DATA -
______________________________

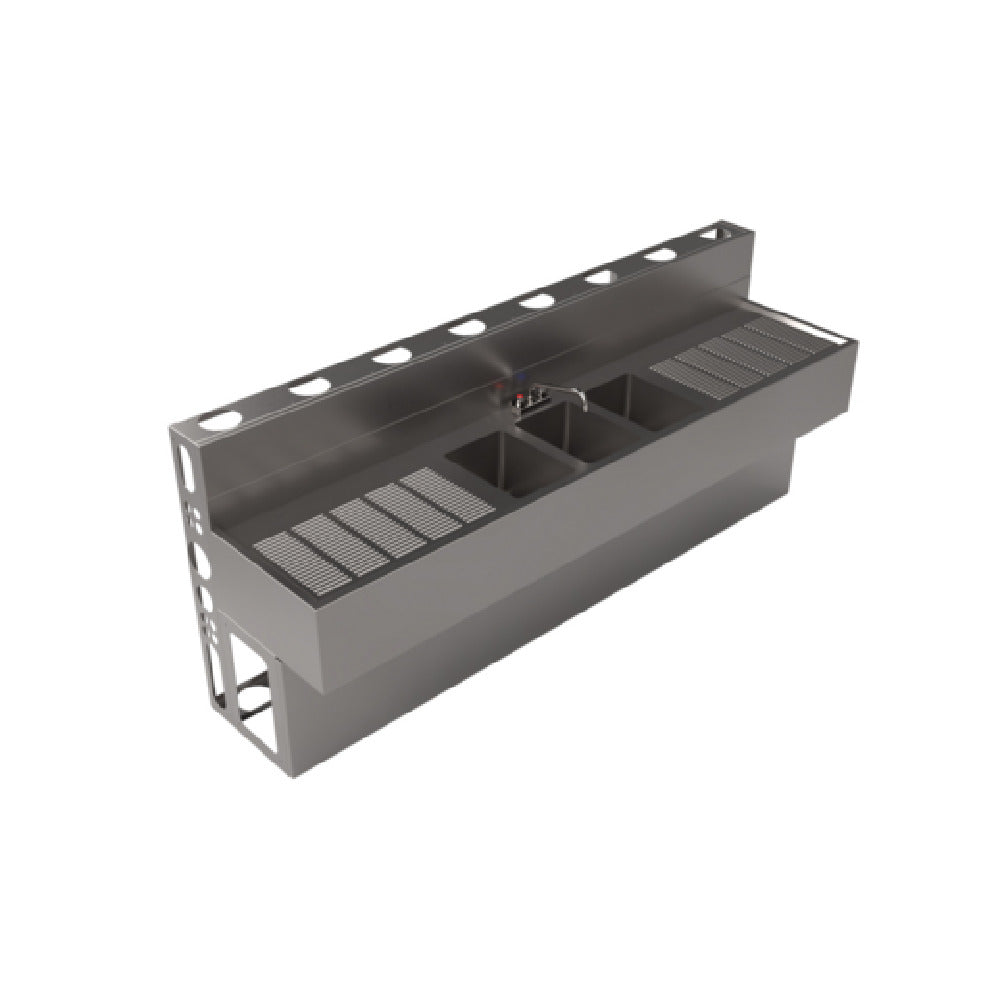 BK Resources UBDW-21-396TS - Underbar Sink, Three Compartment, 96”W X 21-1/4"D X 41"H Overall Size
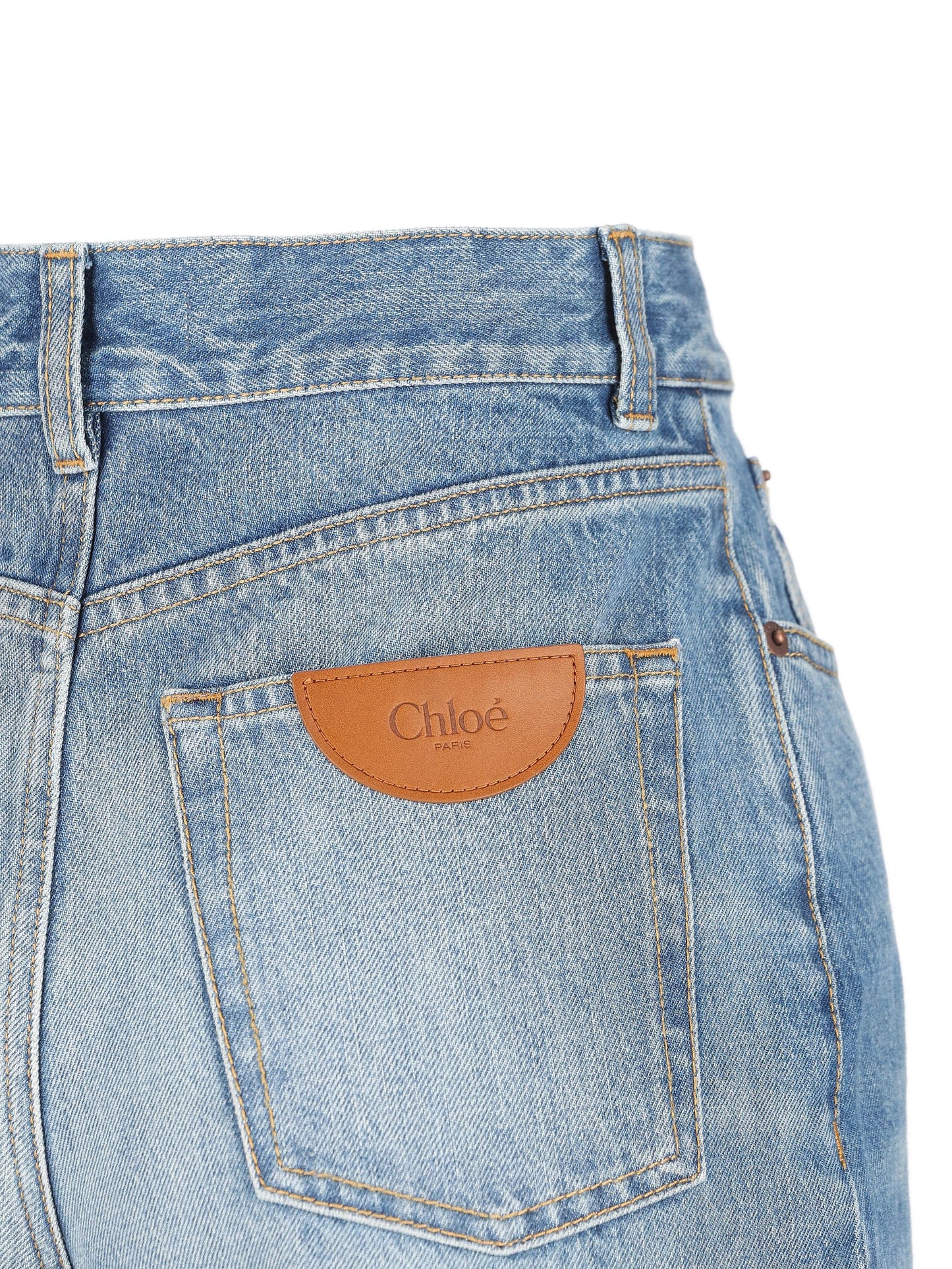 Jeans a gamba ampia e vita alta in denim CH26SDP02252 40R CHLOE'
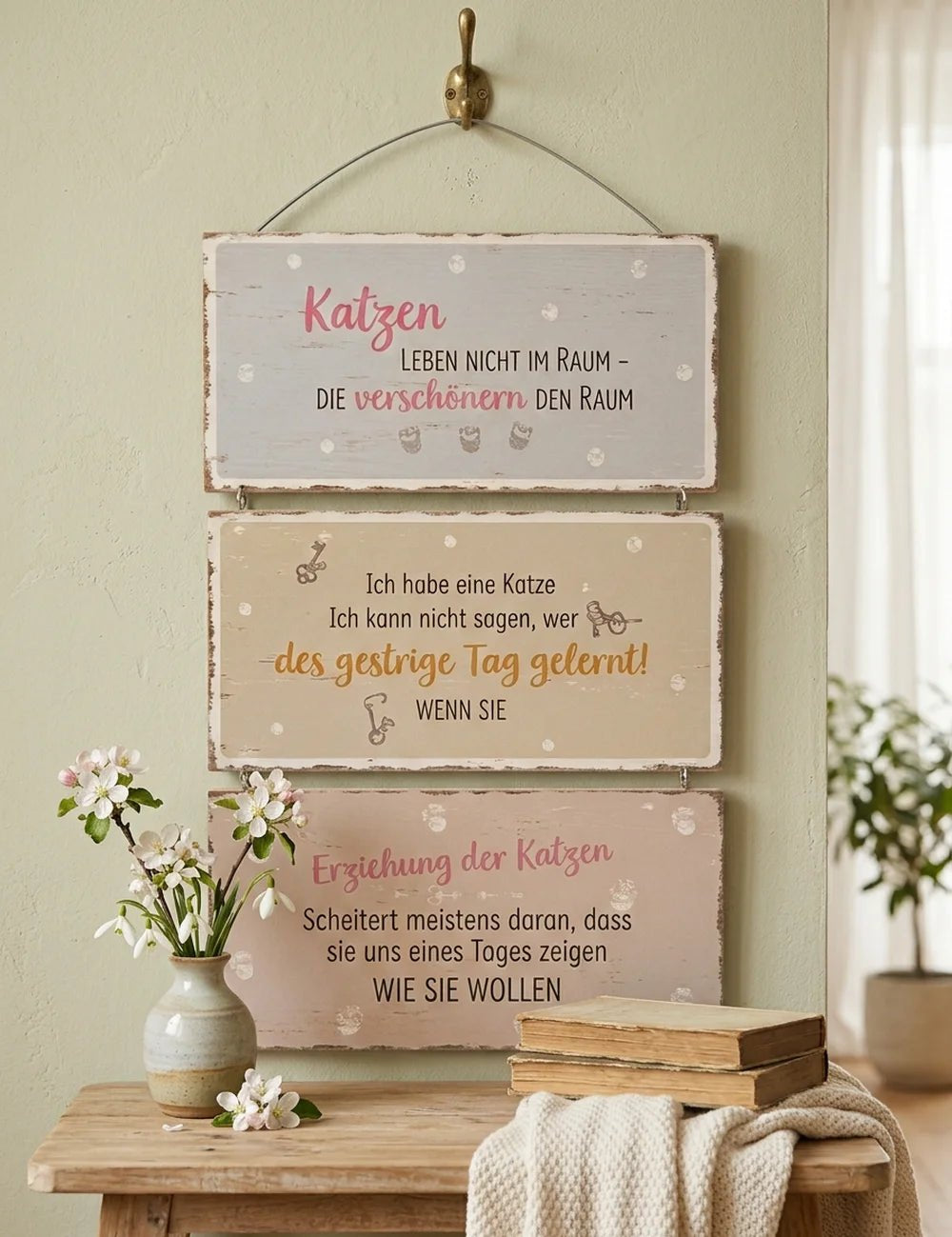 Schild "Meine Katze" – dekoriert im Wohnambiente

______________________________

TASK PROMPT -
Transcribe the listing in full. Leave the pictures out.

RESULT OF THE TASK -
 BK Resources UBDW-21-396TS - Underbar Sink, Three Compartment, 96”W X 21-1/4"D X 41"H Overall Size
 Jeans a gamba ampia e vita alta in denim CH26SDP02252 40R CHLOE'
 Schild "Meine Katze" – dekoriert im Wohnambiente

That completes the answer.